Michael Ash: Michael is Professor of Economics and Chair of the Economics Department at the University of Massachusetts, Amherst. Michael works on labor economics, health economics, the environment and inequality, and the economics of education. He has also been a leader of the faculty union at UMass Amherst.
Jon Bloom: Jon has been the Executive Director of the Workers Defense League in New York City for over two decades. The Workers Defense League was founded in 1936 by Norman Thomas and friends, and has been committed to fighting for the legal rights of workers ever since. 
James Boyce: Jim is Professor of Economics and Director of the Program on Development, Peacebuilding, and the Environment at the Political Economy Research Institute, University of Massachusetts, Amherst. Jim recently co-authored with Leonce Ndikumana (see below), Africa’s Odious Debt: How Foreign Loans and Capital Flight Bled a Continent. Jim was also a principal author of a new “Cap-and-Dividend” policy approach to regulating greenhouse gas emissions, which produces an egalitarian alternative to traditional “Cap-and-Trade” measures.
Jane D’Arista: Jane is a Research Fellow at the Political Economy Research Institute, and has previously taught at Boston University, University of Utah and the New School for Social Research. She also served as a staff economist for the Banking and Commerce Committees of the U.S. House of Representatives. Jane has published widely on financial market policy and other macroeconomic questions, including her classic two-volume work The Evolution of U.S. Finance. With Jerry Epstein (see below) Jane is co-founder of SAFER: A Committee of Economists and other Experts for Stable, Accountable, Fair and Efficient Financial Reform. In addition, Jane is also a published poet.
Rose Ann DeMoro: Rose Ann is Executive Director of the California Nurses Association/National Nurses Organizing Committee. The Union has long been a powerful advocate in behalf of both direct care registered nurses and patient care protections. Rose Ann and the Nurses Union have also been strong advocates for a “Medicare for All” –type health care system in the United States. Most recently, they have led a global campaign in support of a Robin Hood Tax, a small transaction tax that would be levied on all financial transactions. The revenue from such a tax would then be directed to supporting education, health care, poverty reduction, and green economy investments.

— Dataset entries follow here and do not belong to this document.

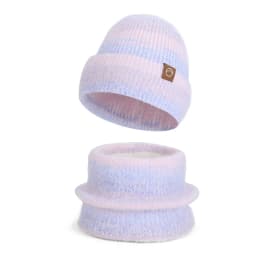 Winter Cap Gloves Scarf Set Women GradientColor Knitted Hat Thickened Fleece Lining Skullcap Outdoor Cycling Windproof Beanies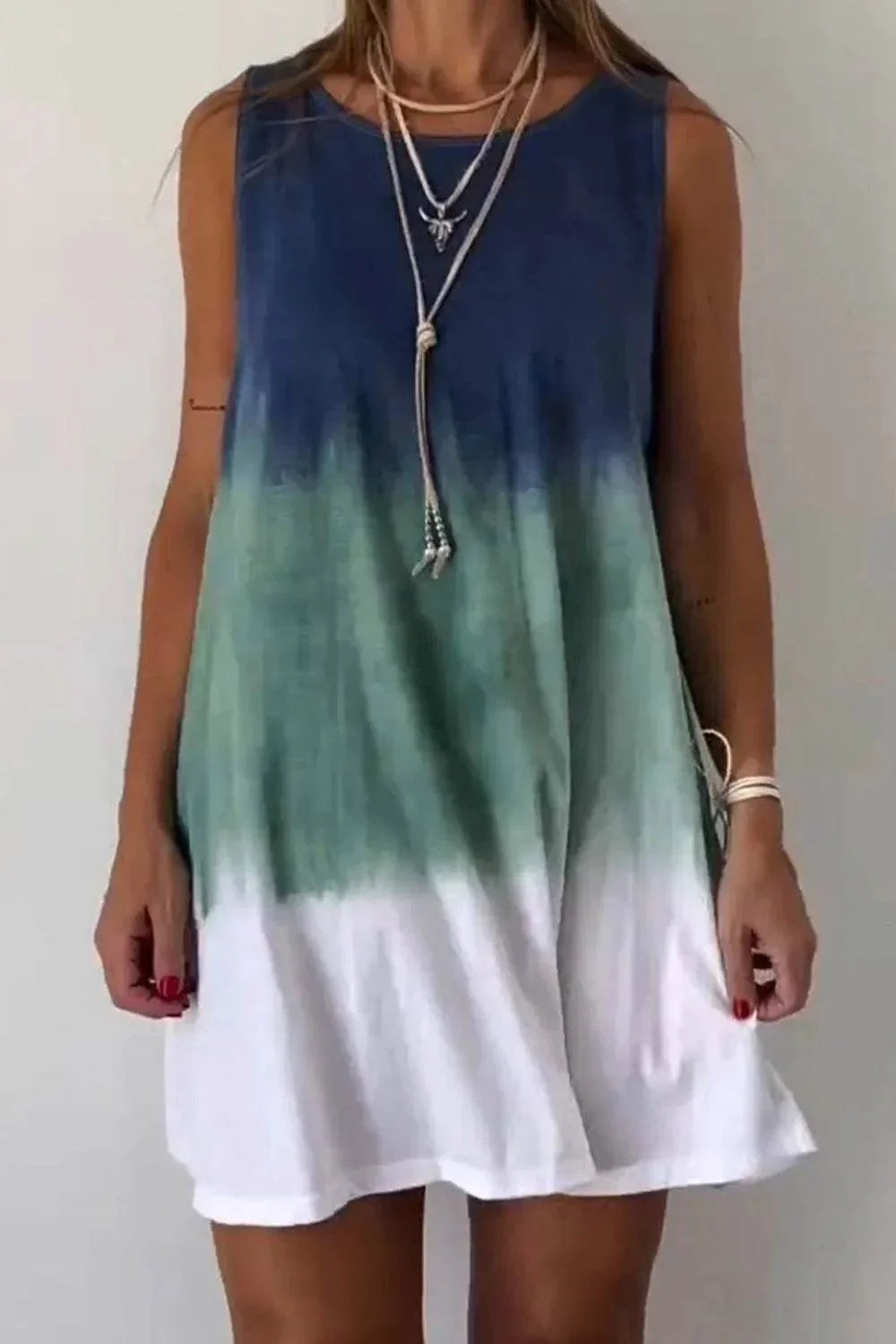 Full Size Tie-Dye Sleeveless Mini Tank Dress Plus Size - Bona Fide Fashion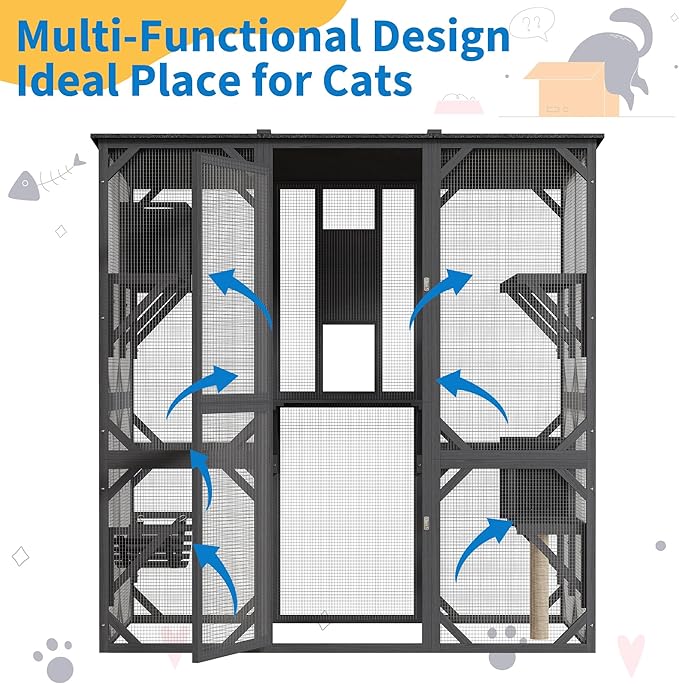 Large Walk-in Window Catio Outdoor, 70'' Wooden Cat Enclosure for Mulitiple Cats with Waterproof Roof, Feral Cat Shelter with Platforms, Hammock, Scratching Post and Resting Box Grey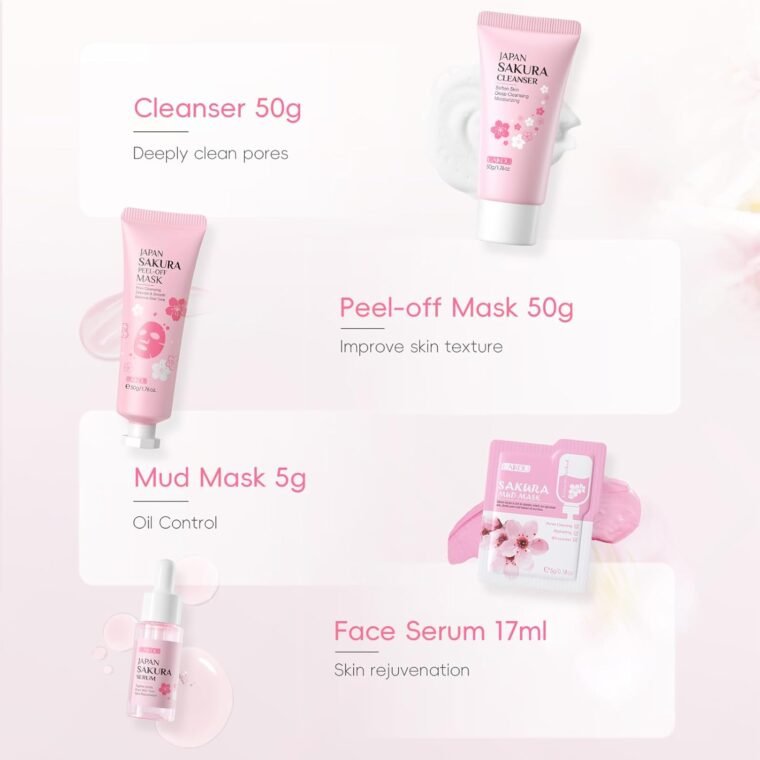 LAIKOU Sakura Skincare Set for Teen Girls, Complete 34PCS Face Care Kit, Christmas Pamper Gift Set for Women & Teenage Girls, Hydrating & Nourishing Travel-Friendly Daily Facial Skincare Routine - Image 8
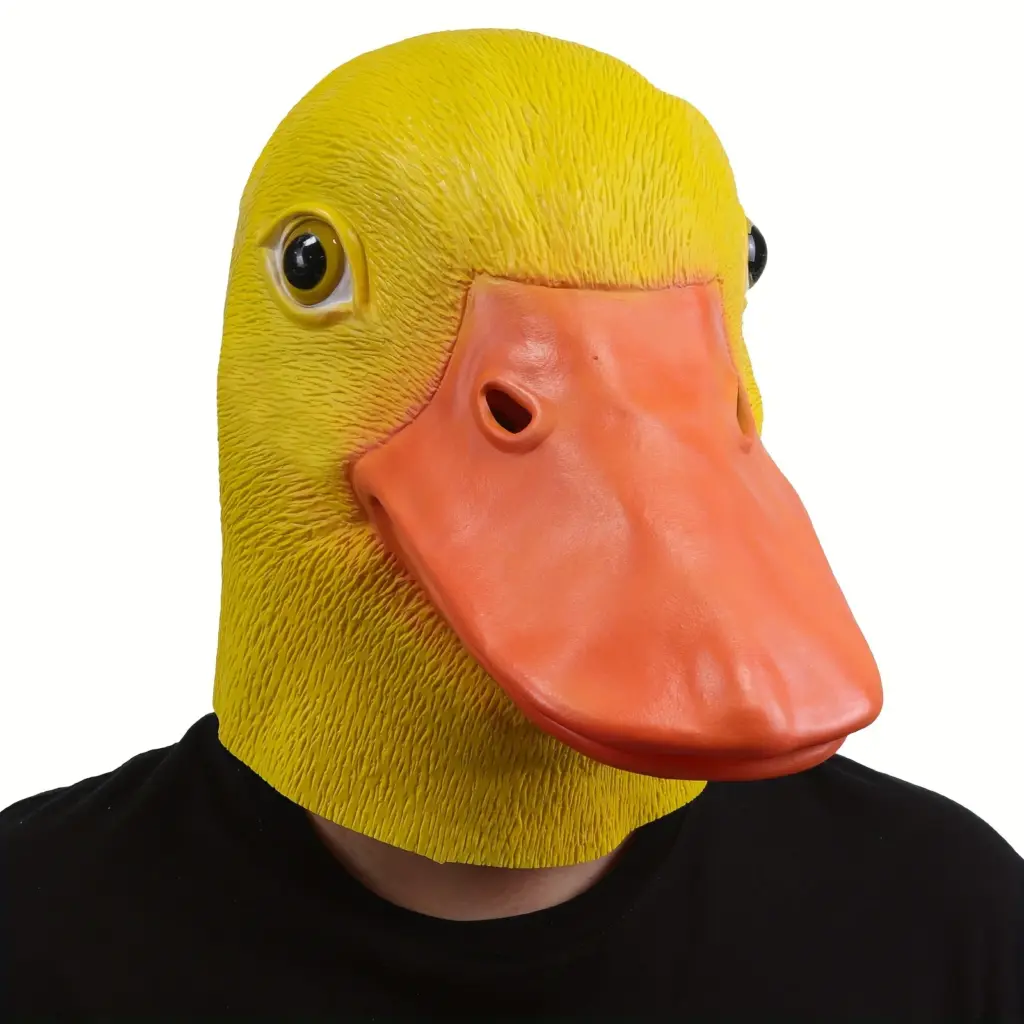 1Pc Yellow Duck Funny Mask, Suitable for Party Dance Performance Latex Headgear Props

Gerald Epstein: Jerry is Professor of Economics and Co-Director of the Political Economy Research Institute at the University of Massachusetts, Amherst. Jerry and Jane D’Arista also founded SAFER: A Committee of Economists and other Experts for Stable, Accountable, Fair and Efficient Financial Reform. Jerry’s research work includes the edited volumes Beyond Inflation Targeting and Financialization and the World Economy. He is also a longtime active member of the Center for Popular Economics.
David Foster: Dave is the Executive Director of the BlueGreen Alliance, a national partnership of labor unions and environmental organizations dedicated to expanding the number and quality of jobs in the green economy. From 1989-2006, Dave served as Director of the United Steelworkers District 11, a thirteen-state region spanning from Minnesota to Washington State and Alaska. For the past 20 years, Dave has been among the labor movement’s leading environmental advocates. 
Heidi Garrett-Peltier: Heidi is Assistant Research Professor at the Political Economy Research Institute at the University of Massachusetts, Amherst. Heidi has conducted highly innovative empirical research on the economics of building a clean energy economy, initially within the United States and more recently over the global economy as well. Heidi has also been a longtime activist with the Center for Popular Economics and writes a regular column for Dollars & Sense.
Teresa Ghilarducci: Teresa is the Bernard and Irene Schwartz Chair of Economic Policy Analysis at the New School for Social Research and Director of the Schwartz Center for Economic Policy Analysis. Her most recent book is When I’m 64: The Plot against Pensions and the Plan to Save Them. Her current research project is “Beyond the 401(k): Guaranteeing Retirement Security.” From 1997-2002, Teresa was a Trustee for the Public Employee Retirement Fund in Indiana. See also served on the Federal Pension Benefit Guaranty Corporation’s Advisory Board from 1996 to 2001.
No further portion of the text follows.